What does it take to build a wildly successful business?
Is it the product? The marketing? The leadership?
Sure—those are all part of the formula.
But here’s a truth many leaders avoid:
Success is built—or broken—by the people you hire… and the people you fire.
Jack Welch, legendary CEO of General Electric, knew this better than anyone.
During his 20-year run, he turned GE into one of the most valuable companies on the planet—not just by innovating, but by shaping a team culture built on performance, accountability, and reward.
Welch’s controversial but effective philosophy was clear: Reward the top 20%. Coach the middle 70%. And fire the bottom 10%.
Some call it harsh. Others call it brilliant. But here’s what matters: It worked.
Let’s take a deeper look at how this approach can transform a company from average to exceptional—and why hiring and firing are not just administrative tasks, but strategic tools for growth.
Think about Hiring for Greatness
It all starts with hiring. Too many companies hire to fill a seat. Jack Welch believed you hire to fuel momentum.
You don’t want warm bodies—you want driven, self-motivated people who bring energy, ideas, and ownership to their roles.
That means hiring slowly and with intention. Ask not just, “Can they do the job?” Ask: “Do they raise the standard?” “Do they make everyone else better?” “Do they believe that winning is a team effort?”
When you fill your company with A-players, you start to notice a shift. Meetings get sharper. Deadlines get hit. Energy goes up. Culture becomes contagious.
And here’s the key: when you bring in great people, great people attract other great people. It creates a virtuous cycle—a talent magnet that draws in excellence.
Rewarding the Best
Now, let’s talk about what happens after the hire. Jack Welch believed in recognizing and incentivizing the top 20% of performers.
Not with meaningless plaques or generic praise, but with real, tangible rewards.
Bonuses. Promotions. Equity. Influence.
When someone drives results, moves the mission forward, and makes others better, you show it. This isn’t favoritism. It’s fuel. Because when your top performers are celebrated, everyone else sees the target.
Performance becomes visible. Success becomes repeatable. This is how you build a company where people don’t just show up—they step up.
Coaching the Middle
Not everyone is at the top. The majority of your workforce will fall into that middle 70%, good, reliable contributors who may need direction, skill-building, or clearer expectations. Welch didn’t ignore them. He coached them.
That’s where the real art of leadership comes in—developing your people, not just managing people. You invest in their growth. You give feedback. You show them the gap between where they are and where they could be.
And the best part? Many of them will rise. Not everyone becomes a superstar, but many become solid, valuable pillars of the business—because you took the time to build them up, not burn them out.
Then there’s the tough part—the bottom 10%. Letting Go of the Bottom. The low performers.That's where the toxic energy lives. The “just getting by” attitudes.
Welch’s policy? Be honest. Be humane. But be decisive.
If someone isn’t pulling their weight after coaching, it’s time to let them go. Why? Because keeping low performers drags down your team. It tells your top performers that mediocrity is tolerated. And in the long run, it’s a cost you can’t afford.

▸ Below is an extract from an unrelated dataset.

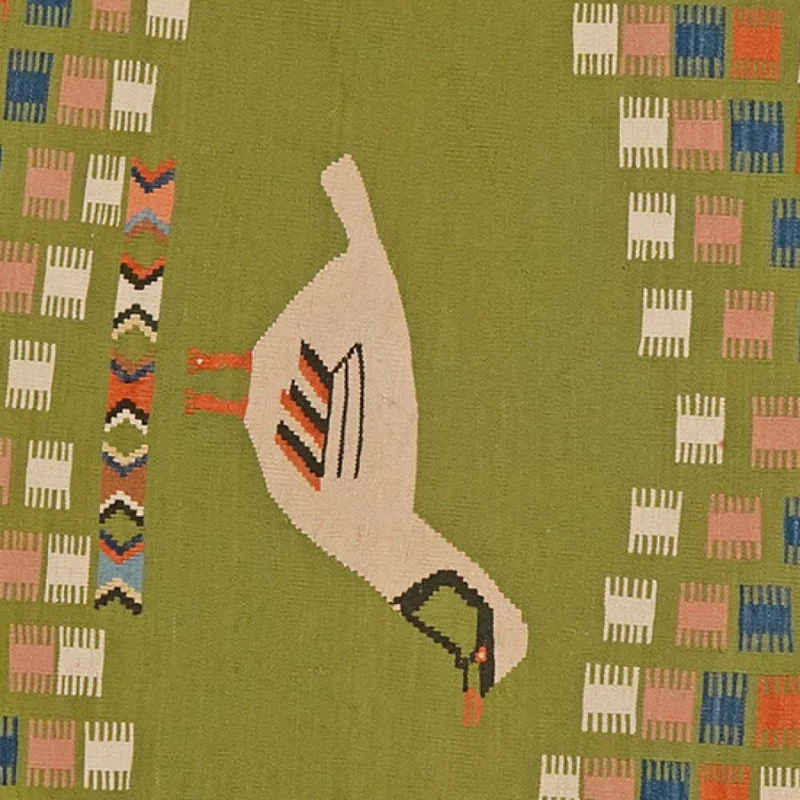 Kelim · Handgewebt – Grün, 120x120 cm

Firing isn’t about cruelty. It’s about clarity. You’re creating space for better talent, better culture, better results.
Everyone Shares in the Success
Now here’s where this model really shines: When your hiring is intentional, your top performers are rewarded, your middle is coached, and your underperformers are respectfully moved on—you create a company of owners. You create a culture where everyone knows:
Results matter. Excellence is noticed. Growth is possible. And success is shared.
That’s the kind of culture where people don’t just work for a paycheck—they work for a purpose. They take pride in the company’s wins, because those wins feel personal.

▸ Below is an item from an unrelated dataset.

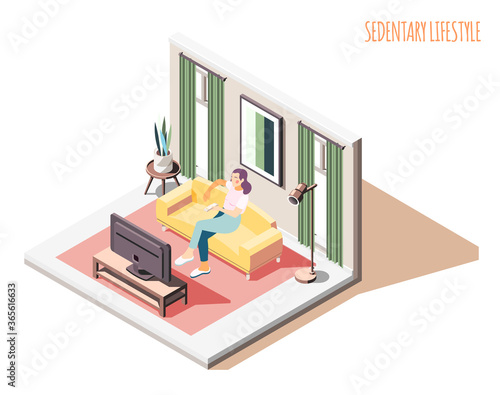 Home Lifestyle Isometric Composition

Whether it's profit sharing, stock options, or performance-based bonuses, when people have a stake in the outcome, their effort follows. They don’t need to be micromanaged. They manage themselves.

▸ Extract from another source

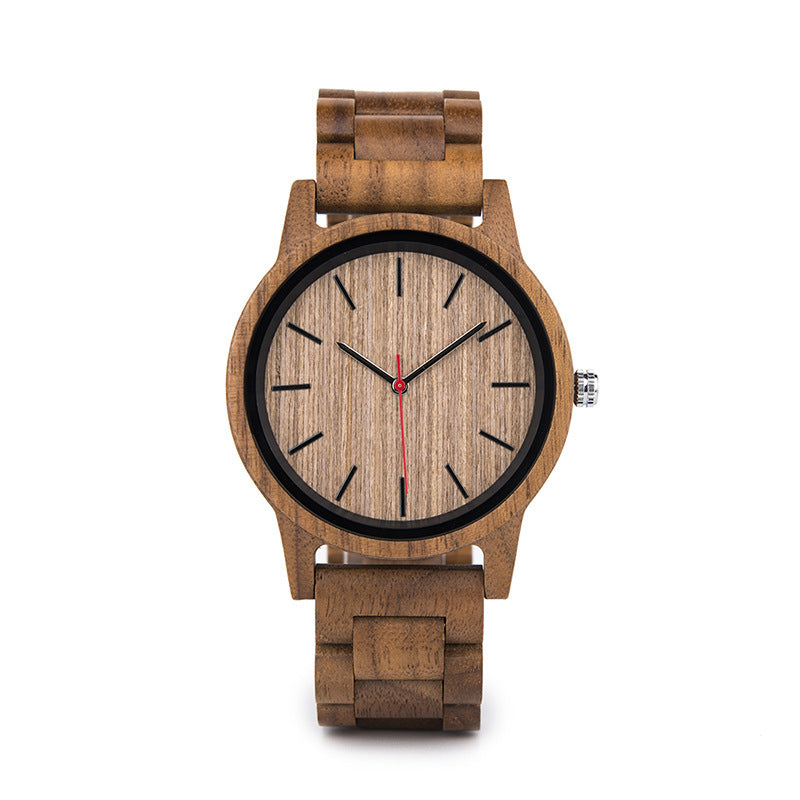 Montre à quartz en bois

Conclusion: Build With Boldness
So if you want to build a business that thrives—not just survives—learn from Jack Welch. Be bold about who you hire. Be intentional about who you promote. Be courageous enough to let go of what doesn’t work.
And most of all, build a culture where every person is empowered to rise—and expected to contribute.
Because business isn’t a family. It’s a team!
And the best teams don’t tolerate passengers. They build with players who want to win, and help everyone else do the same. So hire well. Fire when you must. And build something worth believing in.